On Sat, Oct 15, 2022 at 6:12 PM Yury Norov <yury.norov@gmail.com> wrote:
>
> On Sun, Oct 16, 2022 at 09:24:57AM +0900, Tetsuo Handa wrote:
> >
> > Again, please do revert "cpumask: fix checking valid cpu range" immediately.
>
> The revert is already in Jakub's batch for -rc2, AFAIK.

Hmm.

I've looked at this, and at the discussion, and the various reports,
and my gut feel is that the problem is that the whole
"cpumask_check()" is completely bogus for all the "starting at bit X"
cases.

And I think it was wrong even before, and yes, I think the "+1"
simplification just made things worse.

I think that where it makes sense is in contexts where we actually
*use* the bit value as a bit, so cpumask_clear_cpu() doing

        clear_bit(cpumask_check(cpu), cpumask_bits(dstp));

makes 100% sense and is unequivocally something that merits a warning.
An out-of-range cpu number is a serious bug in that context.

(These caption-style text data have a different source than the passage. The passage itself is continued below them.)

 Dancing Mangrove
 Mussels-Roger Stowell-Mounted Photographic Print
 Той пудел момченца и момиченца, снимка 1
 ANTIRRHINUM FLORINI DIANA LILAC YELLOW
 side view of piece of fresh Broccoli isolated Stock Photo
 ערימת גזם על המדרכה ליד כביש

But all the cases where the function fundamentally already limits
things to the number of CPU's (with comments like "Returns >=
nr_cpu_ids if no further cpus unset.") should simply not have the
cpumask_check() at all.

All it results in just moving the onus of testing things into the
callers, or just makes for odd complications ("-1 is valid, because it
acts as the previous cpu for the beginning because we add one to get
the next CPU").

Anyway, since rc1 is fairly imminent, I will just revert it for now -
I don't want to have a pending revert wait until -rc2.

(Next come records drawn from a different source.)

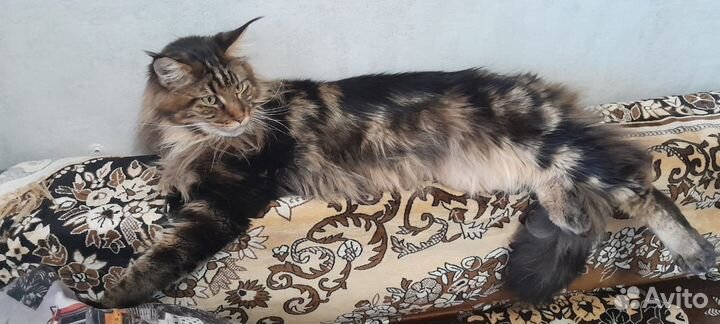 Кот Мэйн кун вязка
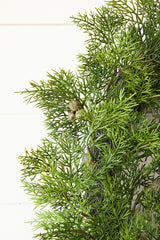 18" Cypress Berry Wreath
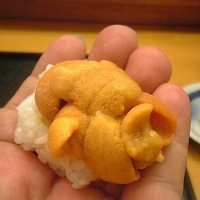 鮨処うえの - 手渡しうに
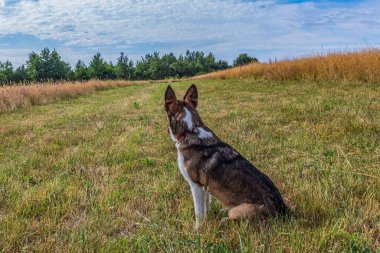 a young dog walks in the green grass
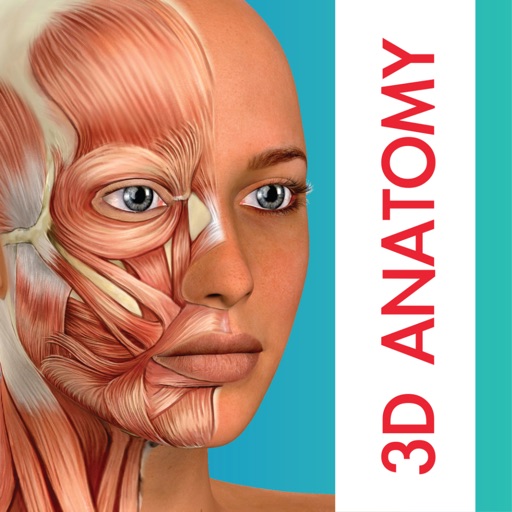 Human Anatomy 3D - Medical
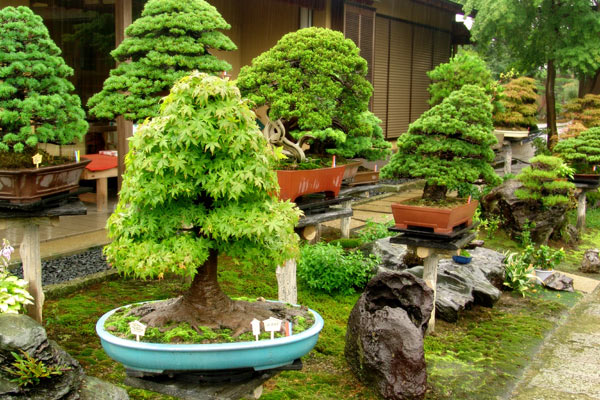 Drzewka Bonsai - DSC02839.jpg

But I actually suspect that the thing we should really do is to just
remove the check entirely for these functions that are already defined
in terms of "if no more bits, return nr_cpu_ids". They already
basically return an error case, having them *warn* about the error
they are going to return is just obnoxious.

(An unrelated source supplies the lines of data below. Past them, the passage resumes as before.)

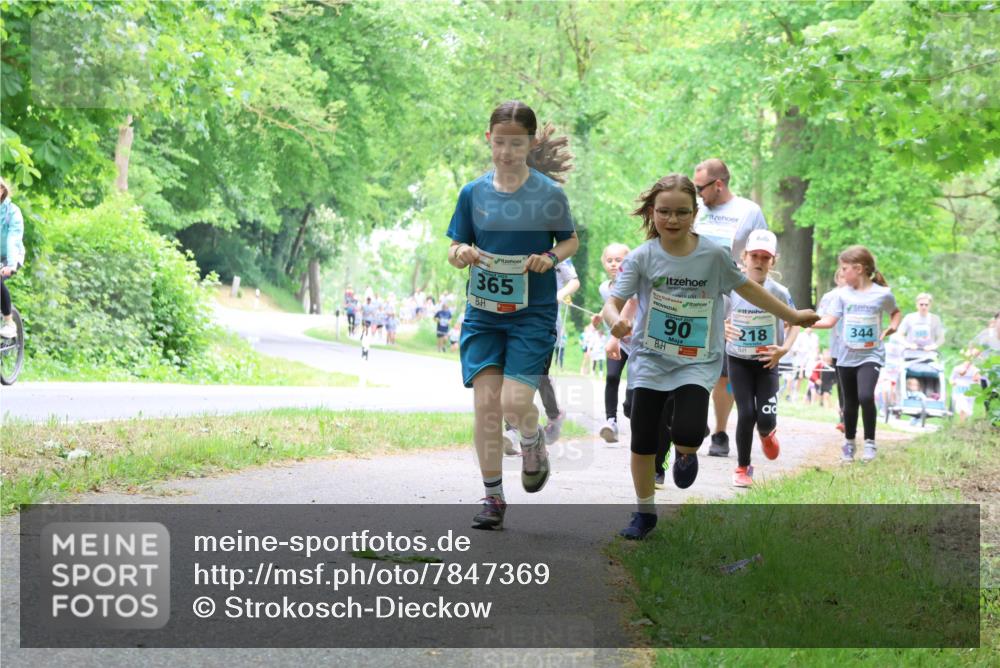 17.05.2025 - Störlauf Strokosch-Dieckow http://msf.ph/oto/7847369 17.05.2025 13:41:33 Laufen 365, 90, 344, 218 meine-sportfotos.de
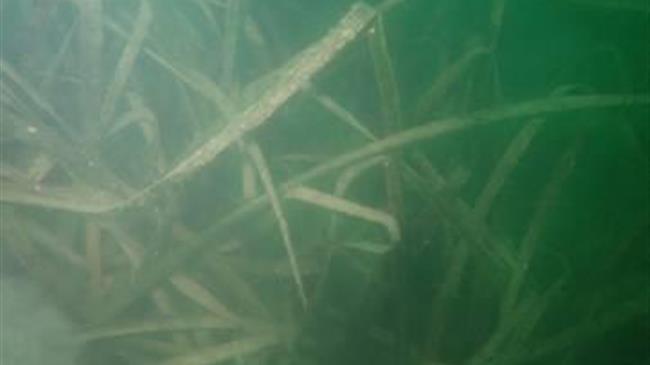 Παγασητικός κόλπος: Τα συμπεράσματα του ΙΝΑΛΕ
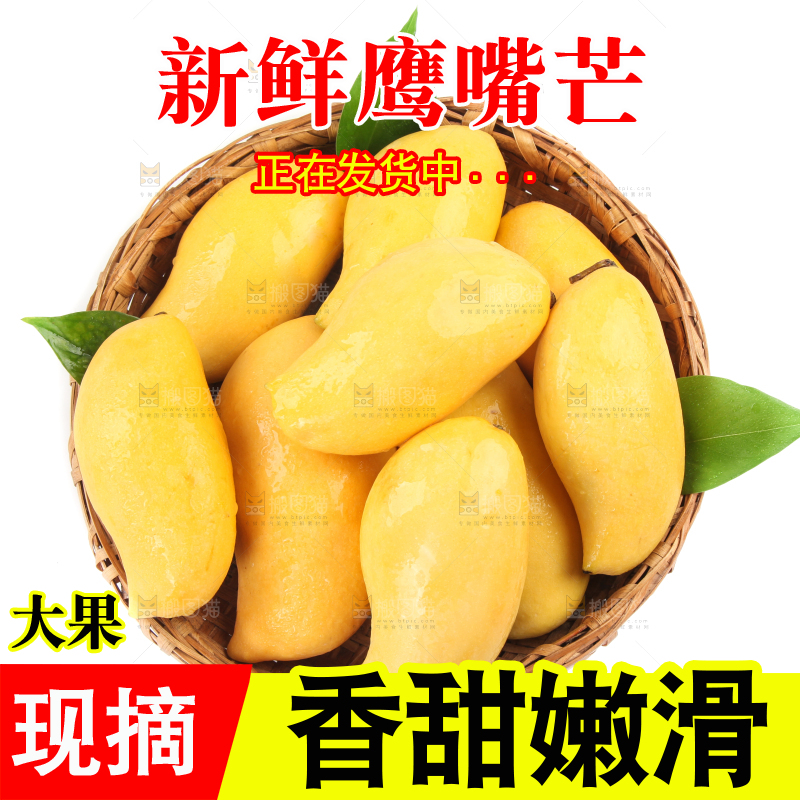 篮子里装着鹰嘴芒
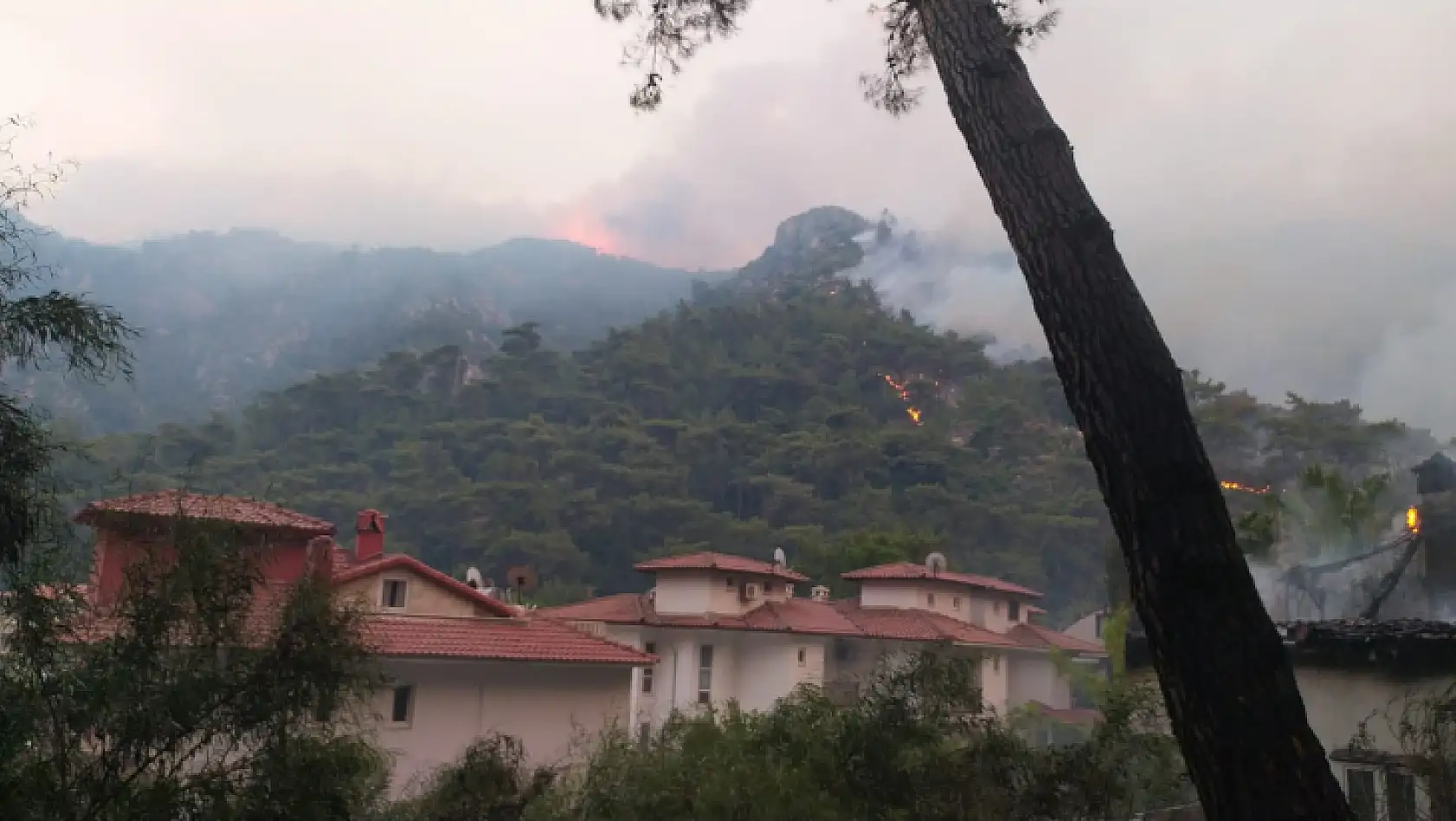 Marmaris Belediyesi yangına karşı seferber oldu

                     Linus

Re: [syzbot] WARNING in c_start

[Tetsuo Handa]

On 2022/10/17 2:52, Linus Torvalds wrote:
> Anyway, since rc1 is fairly imminent, I will just revert it for now -
> I don't want to have a pending revert wait until -rc2.

Thank you, Linus.

Yury or Jakub, please send a revert request on commit 854701ba4c39 ("net: fix cpu_max_bits_warn()
usage in netif_attrmask_next{,_and}"), for https://syzkaller.appspot.com/bug?extid=9abe5ecc348676215427
says that boot is still failing.

> But I actually suspect that the thing we should really do is to just
> remove the check entirely for these functions that are already defined
> in terms of "if no more bits, return nr_cpu_ids". They already
> basically return an error case, having them *warn* about the error
> they are going to return is just obnoxious.

I agree.

Re: [syzbot] WARNING in c_start

[Jakub Kicinski]

On Mon, 17 Oct 2022 11:54:01 +0900 Tetsuo Handa wrote:
> On 2022/10/17 2:52, Linus Torvalds wrote:
> > Anyway, since rc1 is fairly imminent, I will just revert it for now -
> > I don't want to have a pending revert wait until -rc2.  
> 
> Thank you, Linus.
> 
> Yury or Jakub, please send a revert request on commit 854701ba4c39 ("net: fix cpu_max_bits_warn()
> usage in netif_attrmask_next{,_and}"), for https://syzkaller.appspot.com/bug?extid=9abe5ecc348676215427
> says that boot is still failing.

Yup, we got that revert queued up. LMK if it's a show stopper 
otherwise it'll get to Linus on Thu.